8.4           Force Majeure. Neither party will be liable for delay or failure to perform due to any cause beyond its reasonable control, which could not have been prevented by good industry practice, provided the delayed party promptly notifies the other party.

8.5           Notices. Notices relating to this Agreement will be in writing and sent to the party’s address as specified in the applicable Order. A party may change its address for receipt of notice by delivery of written notice to the other party.

8.6           Language. If MANTIS ROBOTICS provides a translation of the English language version of this Agreement, the English language version of this Agreement will control in the event of any conflict.

8.7           Governing Law and Jurisdiction. This Agreement shall be subject to the applicable laws of United States of America. The United Nations Convention on Contracts for the International Sale of Goods shall not apply to this Agreement. Any dispute arising out of or in connection with this Agreement shall be resolved exclusively by the courts of (California, United States of America).

8.8           No Waiver; Validity and Enforceability. The failure to enforce any provision of this Agreement will not be construed as a waiver of such provision. If any provision of this Agreement is held to be invalid, illegal or unenforceable, the validity, legality and enforceability of the remaining provisions will not be affected, and such provision will be deemed restated to reflect the original intentions of the parties as nearly as possible in accordance with applicable law.

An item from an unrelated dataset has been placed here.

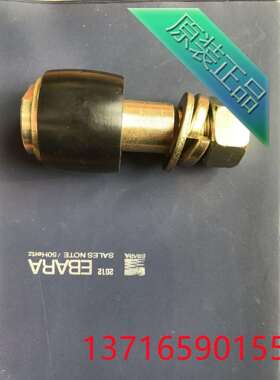 水泵配件 泵配件 ebara荏原螺栓150X125FS4KC530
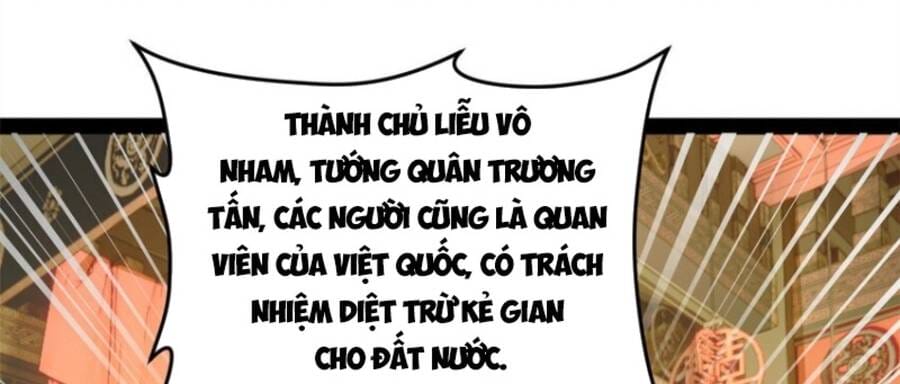 Truyện Tranh Chàng Rể Mạnh Nhất Lịch Sử trang 2597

8.9           Entire Agreement and Order of Precedence. This Agreement constitutes the full and complete agreement between the parties with respect to the subject matter hereof and supersedes any previous or contemporaneous agreements or communications, whether written or verbal, relating to such subject matter. This Agreement may not be varied other than in writing by manual signatures or electronic signatures of authorized representatives of both parties. In the event of a conflict between this EULA and any Supplemental Terms, the Supplemental Terms prevail. In the event of a conflict between this Agreement and an Order, the Order prevails with respect to the Products or Services ordered thereunder. The terms of any purchase order or similar Customer document are excluded and such terms will not apply to any Order for Products or Services, and will not supplement or modify this Agreement.